Veronica menambahkan, kerja sama dengan Komdigi diharapkan membuka akses yang lebih luas bagi startup Indonesia terhadap sumber daya teknologi global dan jejaring industri internasional.

Salah satu aspek utama program ini adalah kesempatan bagi startup terpilih untuk mengikuti residensi teknis secara langsung di California, Amerika Serikat.

Dalam program tersebut, para pendiri startup akan mendapatkan pelatihan dan pendampingan di sejumlah pusat teknologi terkemuka, termasuk kampus Google di Mountain View dan San Francisco.

Mereka juga akan memperoleh akses ke jaringan investor modal ventura yang beroperasi di kawasan Sand Hill Road dan Palo Alto, yang selama ini dikenal sebagai pusat pembiayaan startup teknologi dunia.

Google menilai pengalaman tersebut dapat membantu startup menguji produk mereka sesuai standar global sekaligus membangun relasi strategis untuk mendukung ekspansi internasional.

Selain program residensi, peserta juga akan memperoleh dukungan teknologi dan sumber daya komputasi untuk mempercepat pengembangan produk.

Google Cloud menyediakan akses ke berbagai teknologi AI perusahaan, termasuk Tensor Processing Units (TPUs), Agentic Data Cloud, Gemini Enterprise Agent Platform, serta Google Antigravity.

Startup yang lolos seleksi juga berpeluang memperoleh dukungan hingga US$350.000 dalam bentuk kredit layanan cloud untuk mendukung proses pelatihan model, penyempurnaan sistem, hingga operasional agen AI.

Tidak hanya itu, peserta yang memenuhi kriteria tertentu akan mendapatkan akses awal terhadap teknologi AI generasi terbaru Google, termasuk model Gemini 3.5 dan berbagai perangkat agentic AI enterprise yang masih berada dalam tahap pengujian terbatas.

Program ini juga mencakup pelatihan teknis mendalam mengenai agentic coding, AI context engineering, large language model operations (LLMOps), serta pengembangan sistem multi-agent melalui berbagai pusat inovasi Google dan mitra regional.

Google Cloud sendiri menargetkan 25 startup pertama untuk mengikuti program Google for Startups Accelerator: Southeast Asia.

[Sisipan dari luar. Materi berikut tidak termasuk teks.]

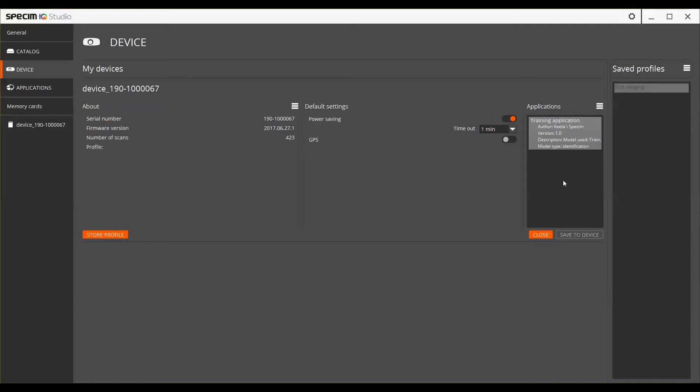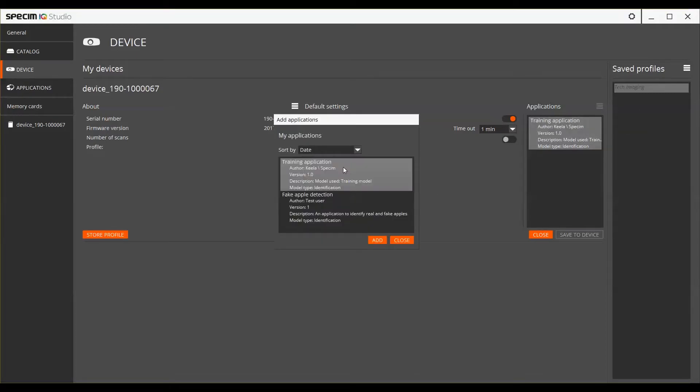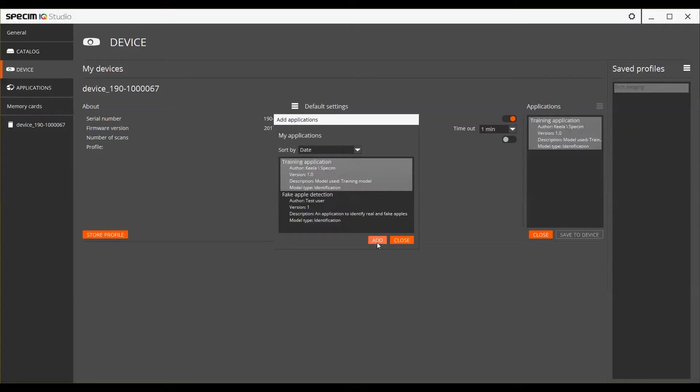To add an application, select Add from the burger menu, choose the desired application and press Add. After this, make sure to press Save to Device.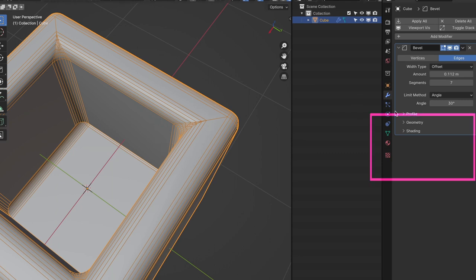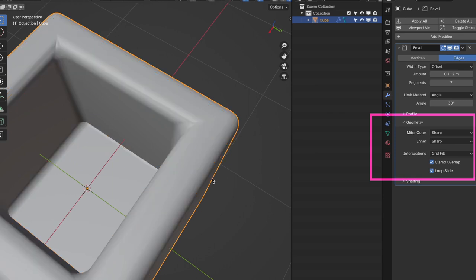So head to the bevel modifier tab, under the geometry, change miter outer from sharp to arc.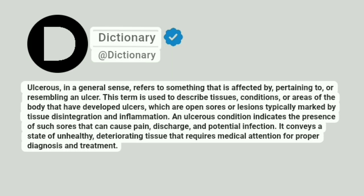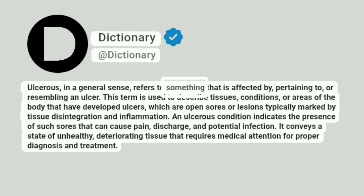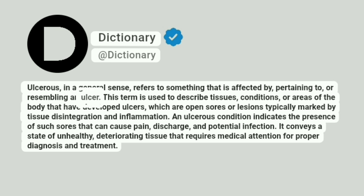Dictionary. Addictionary. Ulcerous, in a general sense, refers to something that is affected by, pertaining to, or resembling an ulcer.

Program berdurasi tiga bulan tersebut akan dimulai pada Agustus 2026 dan diselenggarakan tanpa pengambilan saham atau equity-free, sehingga peserta dapat memperoleh dukungan teknis dan bisnis tanpa harus melepas kepemilikan perusahaan.

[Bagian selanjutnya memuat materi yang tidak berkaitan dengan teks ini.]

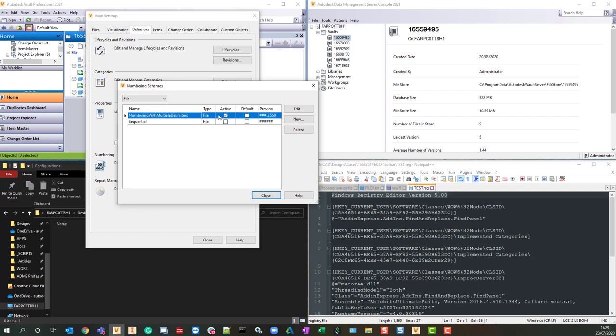One thing to bear in mind is that currently we don't have any set to default. I'm going to set this one to default, but we need to be careful when making a copy using this process. What you'll see is there will be two default numbering schemes, and as I mentioned, it's not supported, so I don't know what's going to happen if you have two default numbering schemes.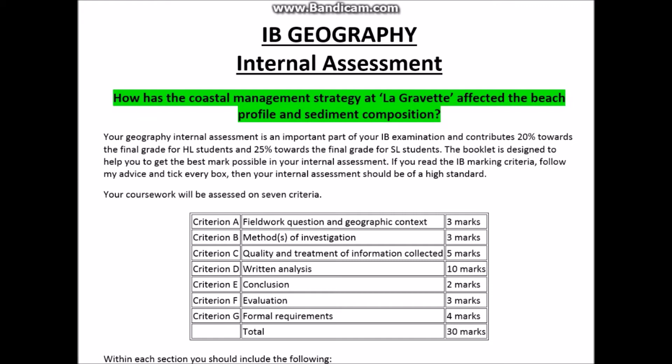Simply put, you have to ensure that you have an introduction and a method. You have to have a graph that has been properly processed, which is Criteria C. You need to analyse those graphs and discuss your findings, which is Criteria D. You have to come to a conclusion, evaluate the results you've got, and also meet the various formal requirements, which are number of words, presentation, page numbers, and things like that.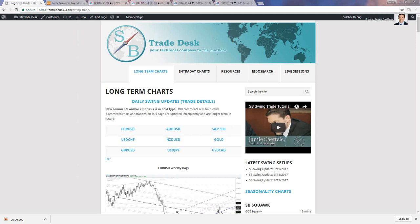Traders, what's going on? Jamie Setley here, SB Trade Desk midweek strategy webinar — FOMC day. We've got a bunch of interesting things to look at timing-wise. Let me know that you can hear me. AV is good — great. Pooja, how are you? Let's get started.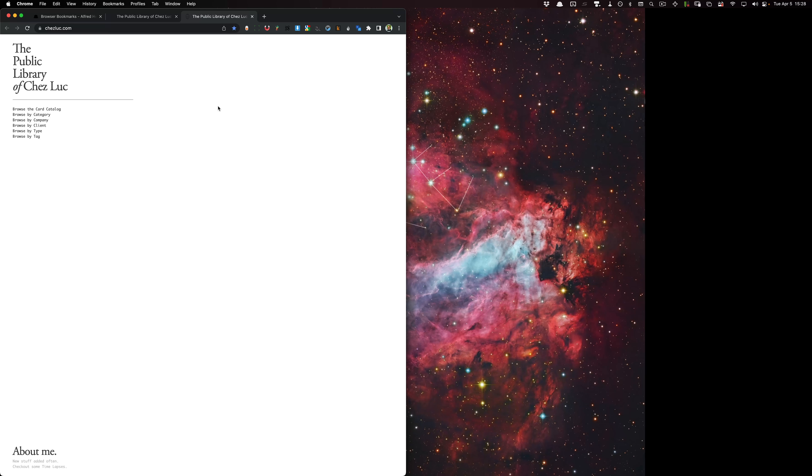Once you have the one that you want, you push enter, and it'll open inside of the default browser that you have set.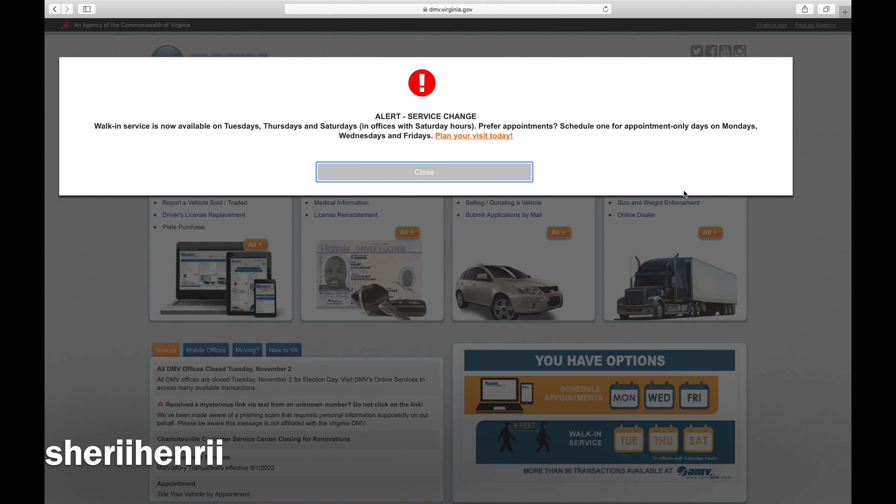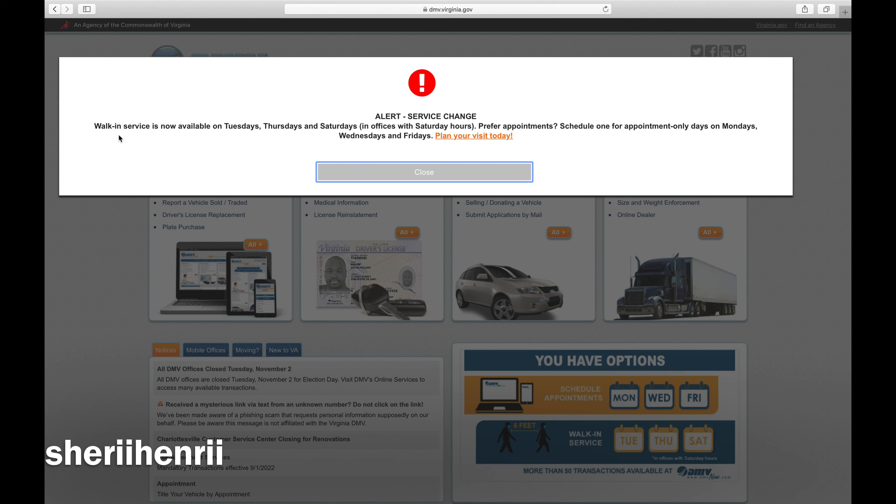Hi guys, welcome back to my channel. Here's an update on how Virginia is doing their road skills test. They have some changes. Walk-in service is now available on Tuesdays, Thursdays, and Saturdays, but you can still make an appointment on Mondays, Wednesdays, and Fridays.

Melalui koridor inovasi baru yang menghubungkan Asia Tenggara dengan Silicon Valley, Google berharap lebih banyak startup regional mampu mempercepat pengembangan produk AI, memperluas pasar, serta meningkatkan daya saing teknologi kawasan di tingkat global.

PakarPBN

A Private Blog Network (PBN) is a collection of websites that are controlled by a single individual or organization and used primarily to build backlinks to a “money site” in order to influence its ranking in search engines such as Google. The core idea behind a PBN is based on the importance of backlinks in Google’s ranking algorithm. Since Google views backlinks as signals of authority and trust, some website owners attempt to artificially create these signals through a controlled network of sites.

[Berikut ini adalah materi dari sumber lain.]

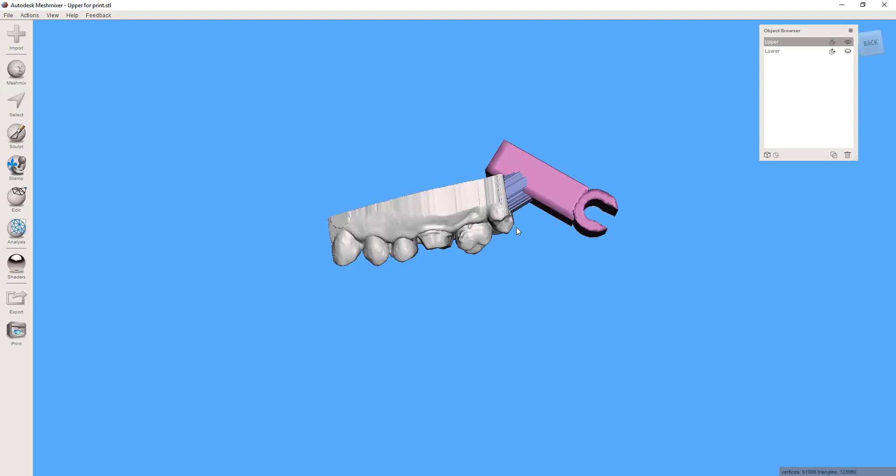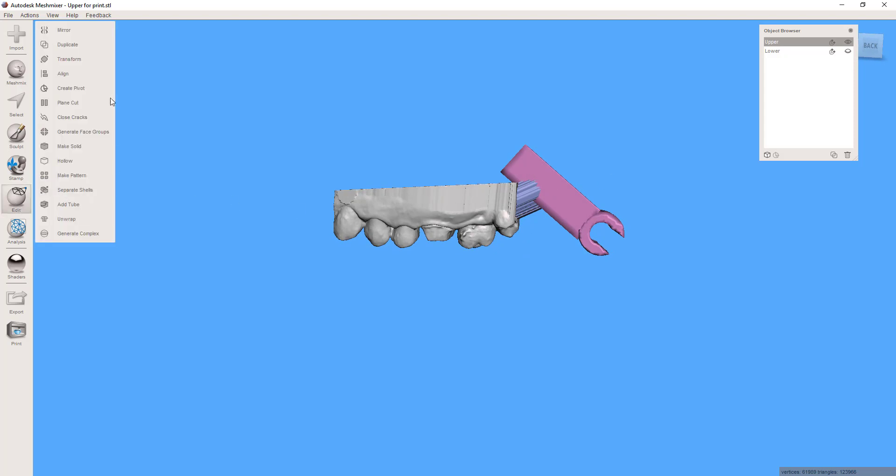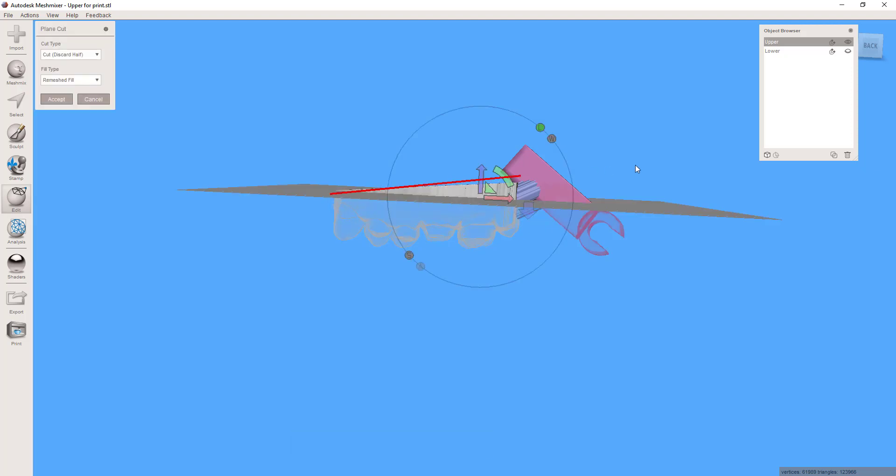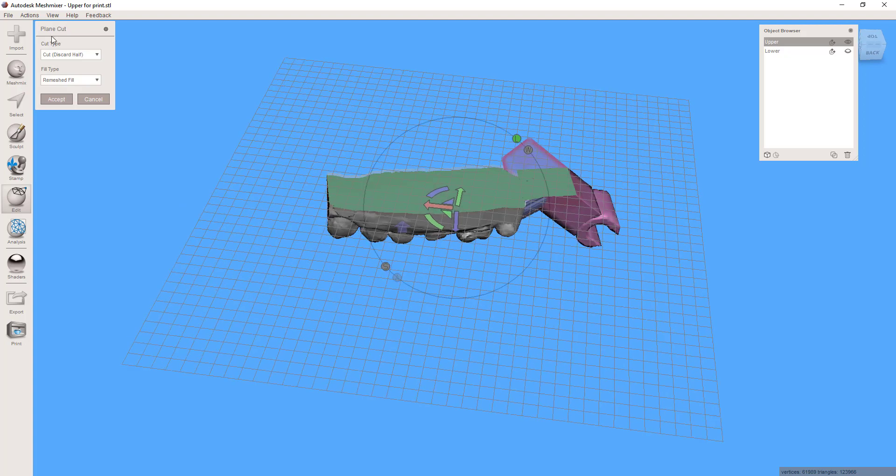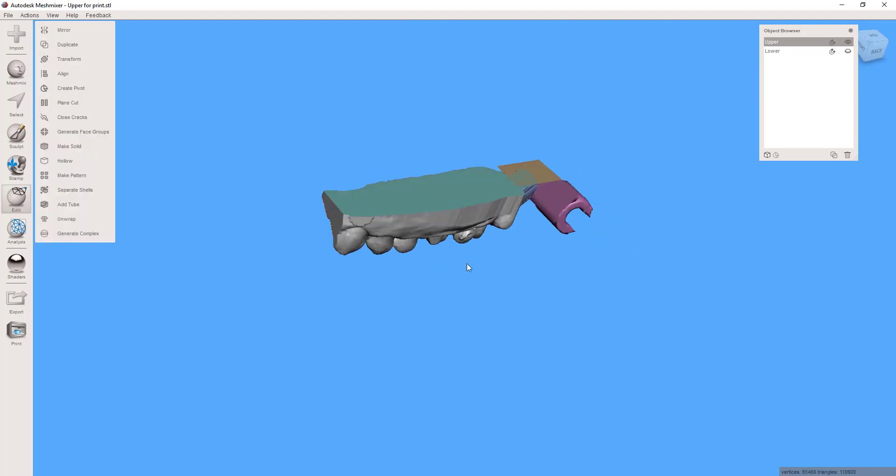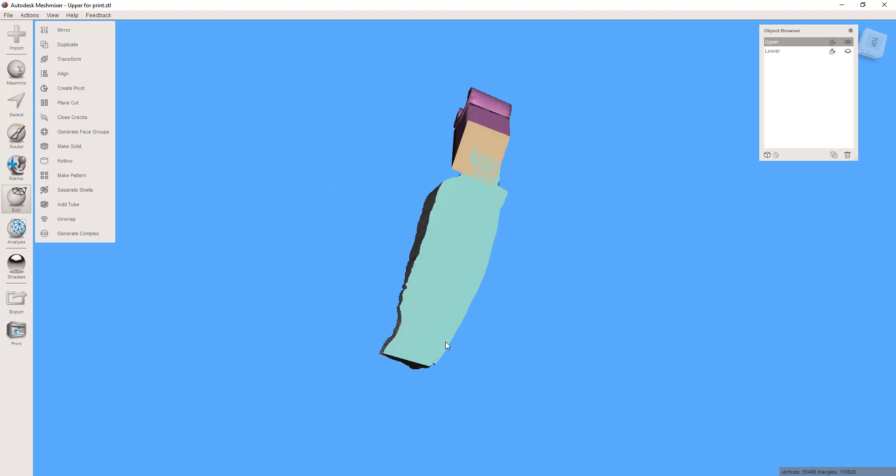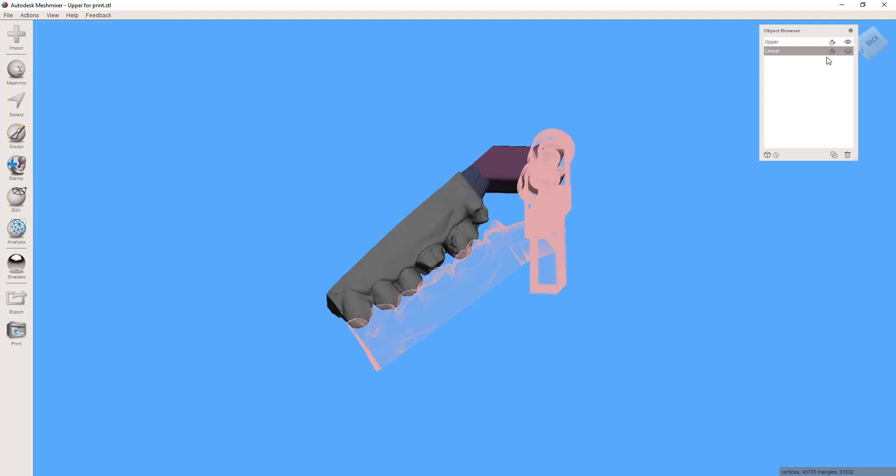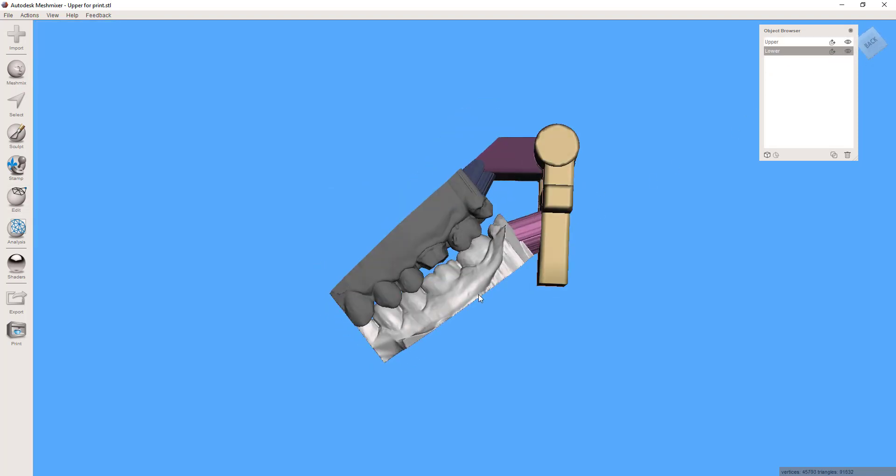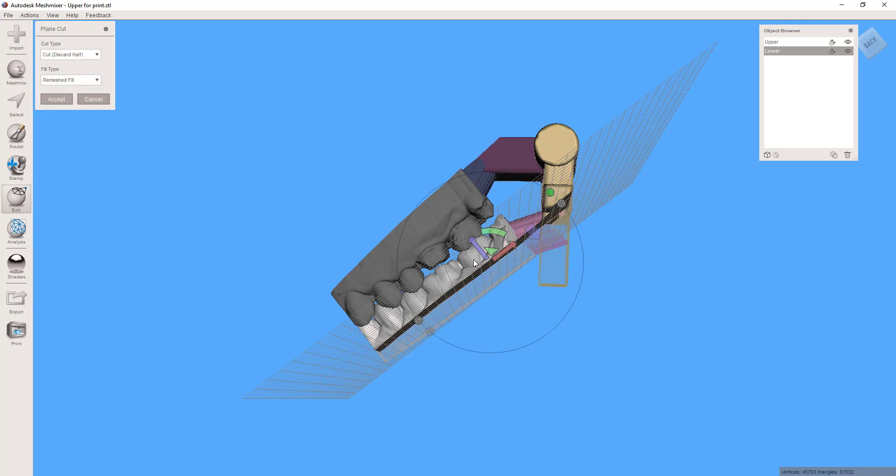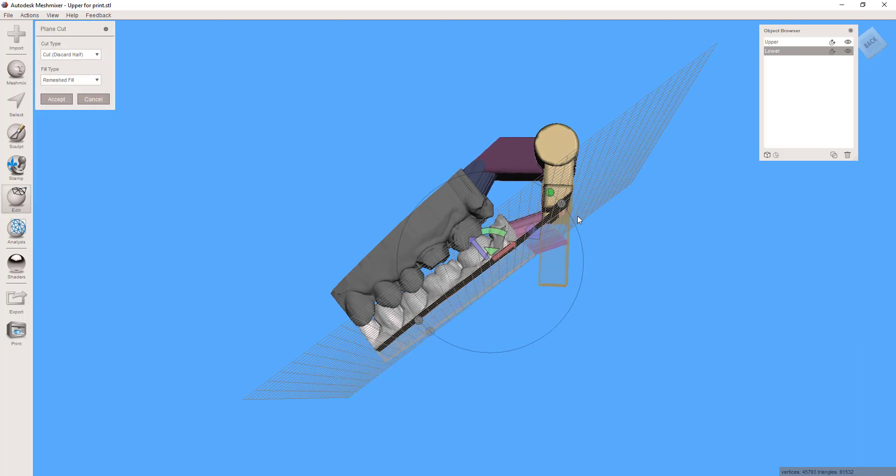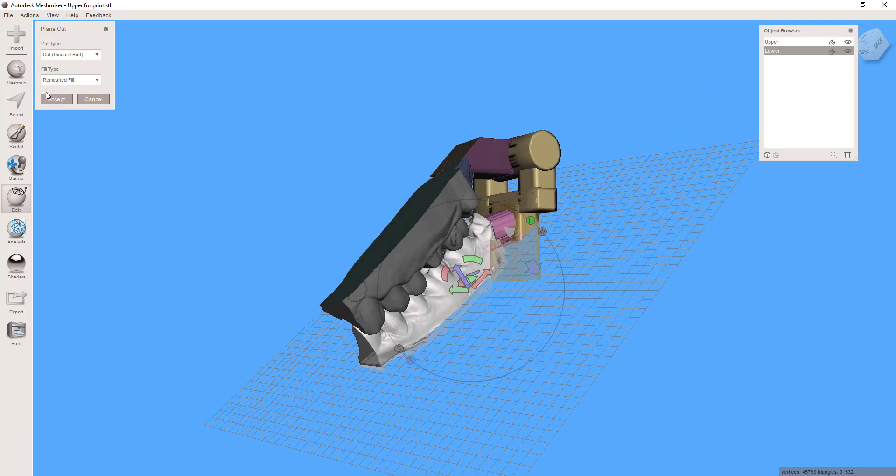The last modification that you might want to make, and this is certainly optional, if you print this it's clearly going to have to use supports. I like to print without supports whenever possible, so simply coming across here with a plain cut we can now put a flat base on this entire portion of the model and the hinge. And then repeat the process on this lower, so edit plain cut, and there we have it.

In a typical PBN setup, the owner acquires expired or aged domains that already have existing authority, backlinks, and history. These domains are rebuilt with new content and hosted separately, often using different IP addresses, hosting providers, themes, and ownership details to make them appear unrelated. Within the content published on these sites, links are strategically placed that point to the main website the owner wants to rank higher. By doing this, the owner attempts to pass link equity (also known as “link juice”) from the PBN sites to the target website.

The purpose of a PBN is to give the impression that the target website is naturally earning links from multiple independent sources. If done effectively, this can temporarily improve keyword rankings, increase organic visibility, and drive more traffic from search results.